Hi List,

As you may recall, there were opposition against publishing the JSON 
Canonicalization Scheme as an IETF RFC.  Therefore it ended up as RFC 8785 
using the ISE track.

Now the authors are facing the same situation with a follow-up specification, 
JWS/CT: https://www.ietf.org/archive/id/draft-jordan-jws-ct-06.html

We have been requested to insert a warning sign [*] in the "Abstract" which seems like a 
rather unusual way of structuring a specification.  This text is then to be repeated 3 times more.  
The argument is that nobody reads the "Status of This Memo" which may be true.

Regardless of what you think about this particular work item, I believe the 
time has come for the IETF to take a FIRM POSITION on how to deal with ISE 
publications.

My proposal is that the IETF either dumps the ISE track altogether or publish 
such documents under another brand, like ISE-nnnn to avoid the possible 
confusion between genuine IETF standards and ISE RFCs.
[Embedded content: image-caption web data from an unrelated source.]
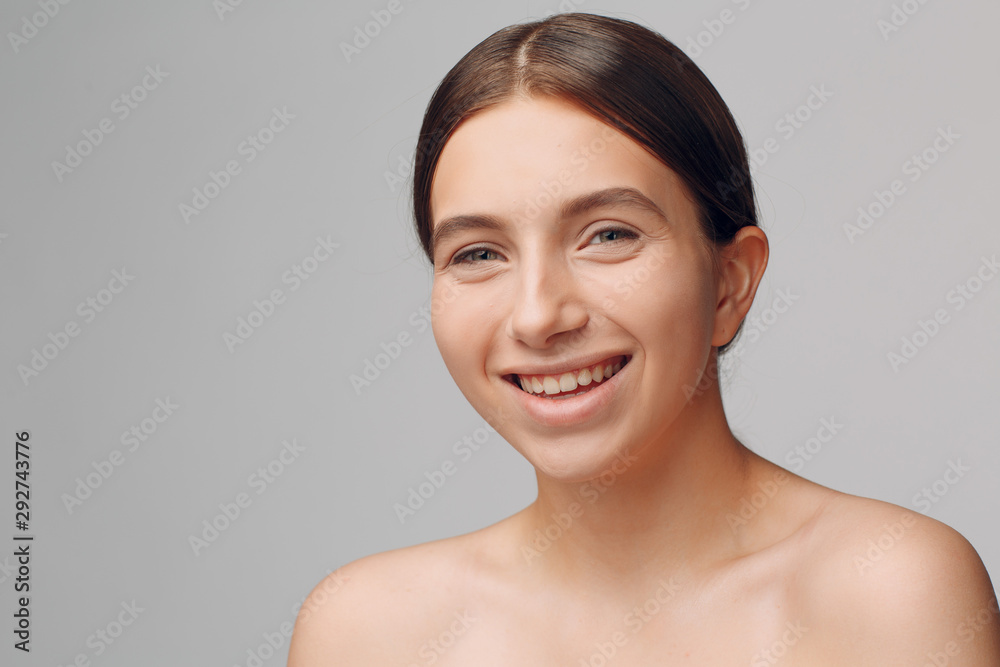 Portrait of young woman model in studio with natural make-up. Makeup concept. Portrait of young woman model in studio with natural make-up. Makeup concept.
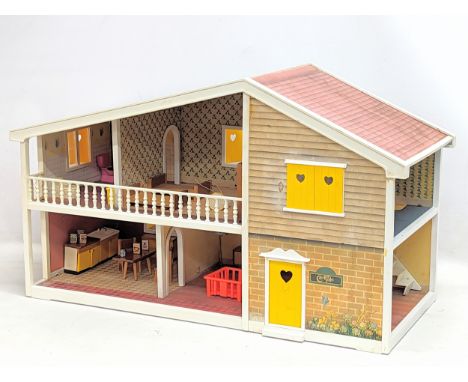 A vintage Barton Toys dolls house, 'Caroline's Home.' 69x29x40cm 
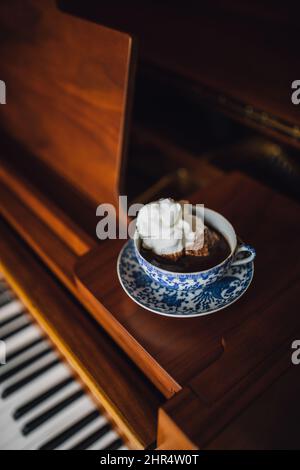 Hot drinking chocolate in blue floral teacup set with white meringue sitting on baby grand piano Stock Photo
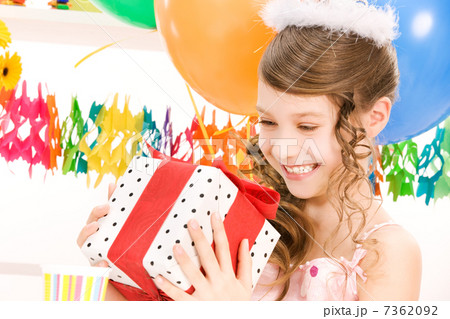 party girl with balloons and gift box 7362092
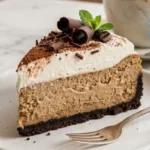 Creamy Coffee Cheesecake with espresso filling, chocolate cookie crust and whipped cream.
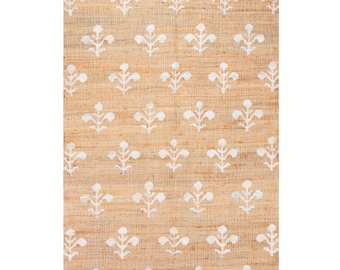 May include: A rectangular woven rug made of natural tan fibers featuring a repeating pattern of white floral motifs arranged in a grid. The texture of the rug is visible, showing the interlaced weave of the material throughout the entire surface.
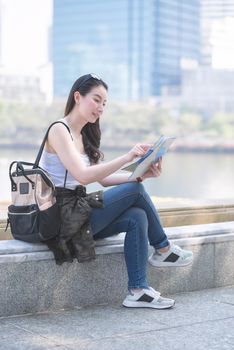 Beautiful asian solo tourist woman  looking at the map searching for tourists sightseeing spot. Vacation travel in summer.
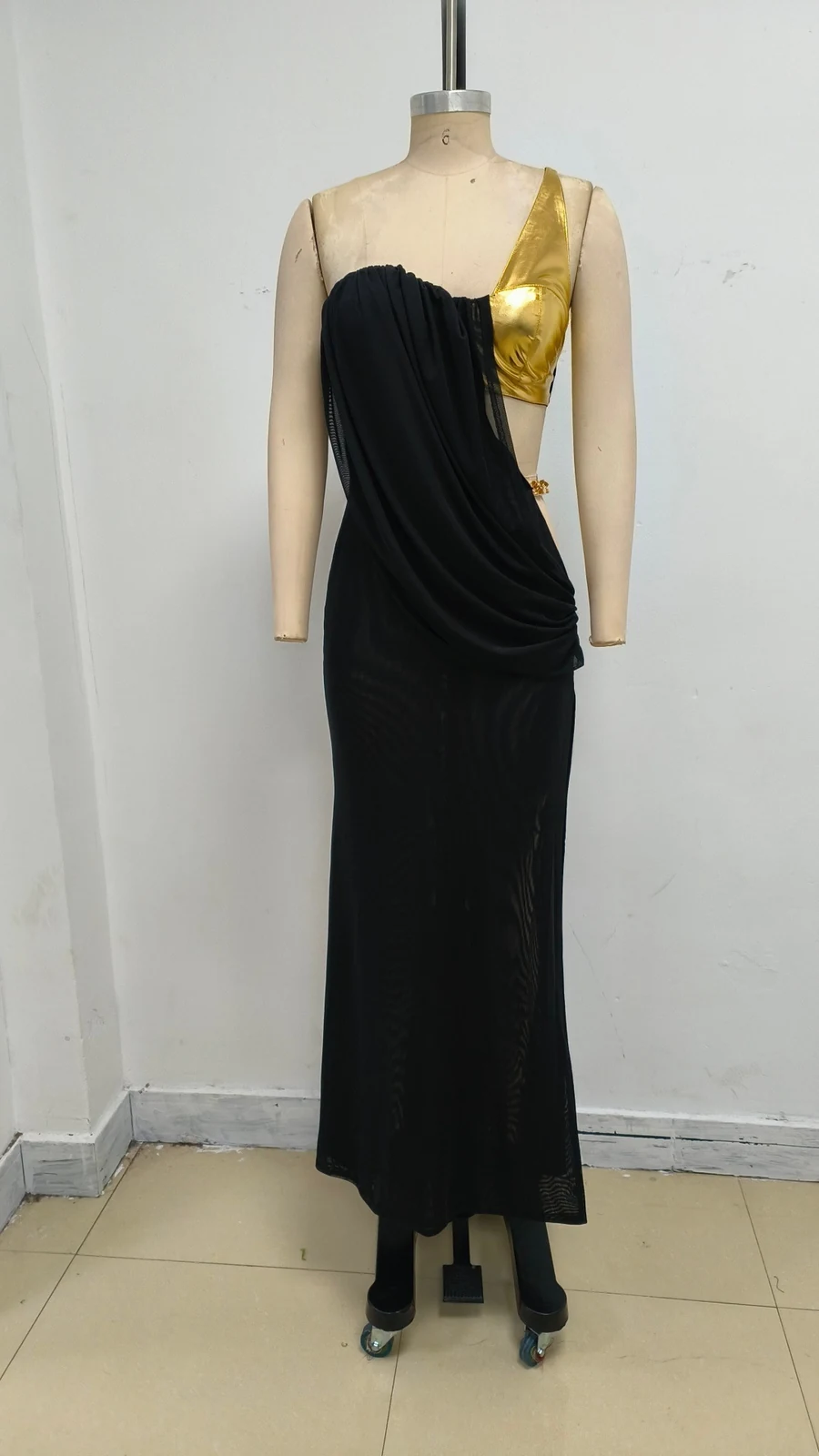 Real photo of black one-shoulder gold accent maxi dress on a mannequin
What do you think?  I have no particular preferences except that all ISE 
documents should be treated equal.  That some ISE publications like RFC 8785 
may end-up as de-facto standards is probably what many authors had in mind from 
the very beginning.

Sincerely,
Anders Rundgren

*] This informational specification has been produced outside the IETF,
  is not an IETF standard, and does not have IETF consensus.